Cost / usage controls¶
- API estimate: roughly 2,000–5,000 tokens per page (rendered content + schema + reasoning) plus roughly 200 output tokens per row. For a 10-URL run, calculate projected cost from the selected model's current pricing.
- Limit to 20 URLs per run.
- Truncate page content to 10,000 characters to bound per-page token usage.
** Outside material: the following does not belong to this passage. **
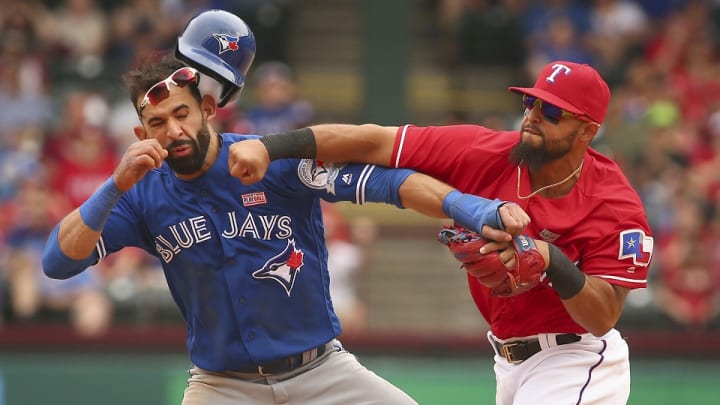 Watch: Blue Jays, Rangers brawl after takeout slide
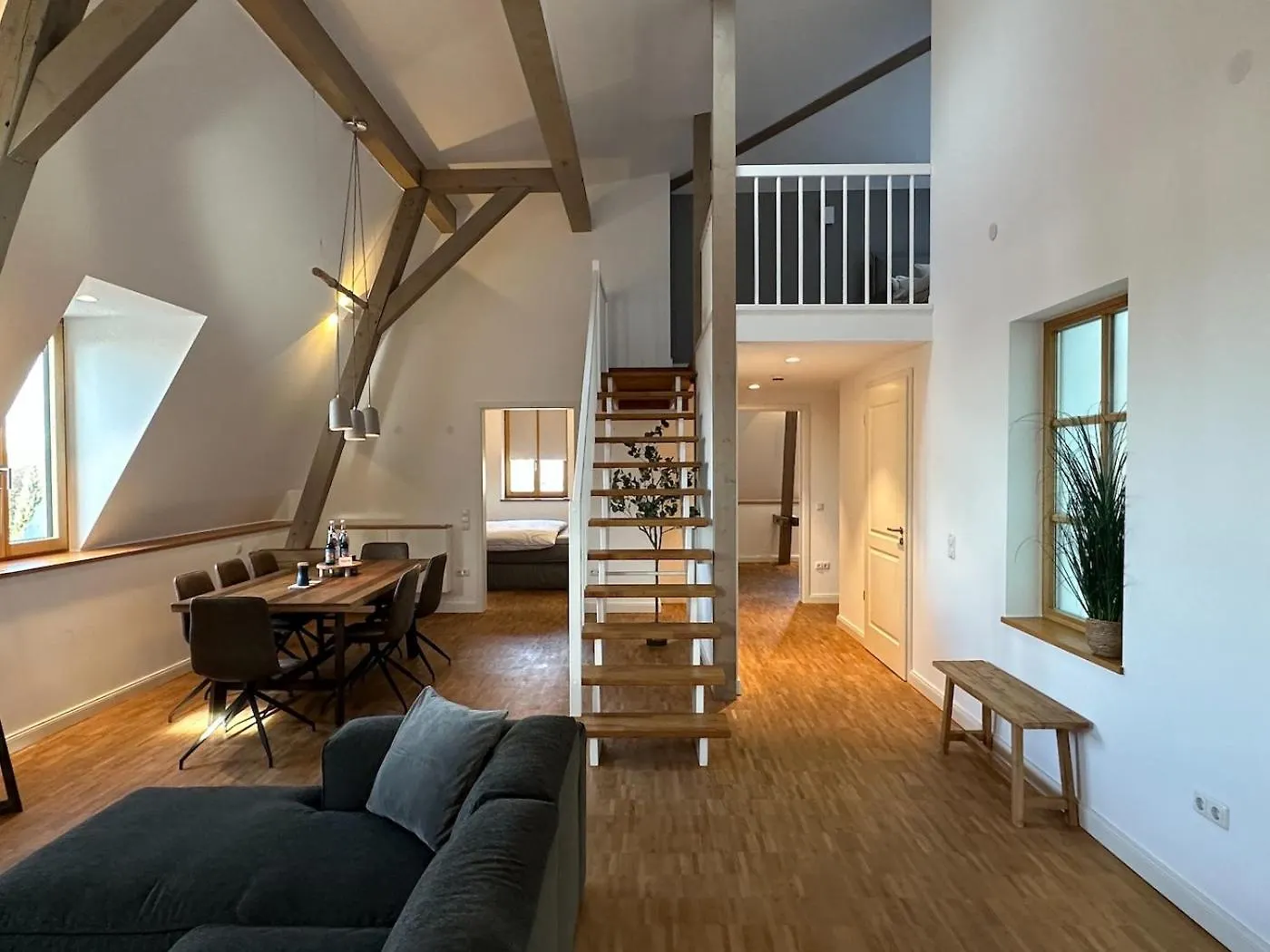 Grosses Apartment Fuer Business, Family & Friends Augsburg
- Monitor OpenAI usage at platform.openai.com/usage.
Safe launch checklist¶
-
allowed_domainslist verified against the URL list before first run - Confirmed no form submission, login, or download actions are in the agent task
- Tested with 2–3 URLs before running on a full list
- Target URLs are publicly accessible; no credentials used
- Output reviewed for accuracy against at least one source page manually
Maintenance cadence¶
Re-verify target page structure after any redesign of the source sites. Update schema.json when the research questions change. Check browser-use GitHub releases quarterly for API changes. Verify Playwright browser compatibility with playwright install --check after OS updates.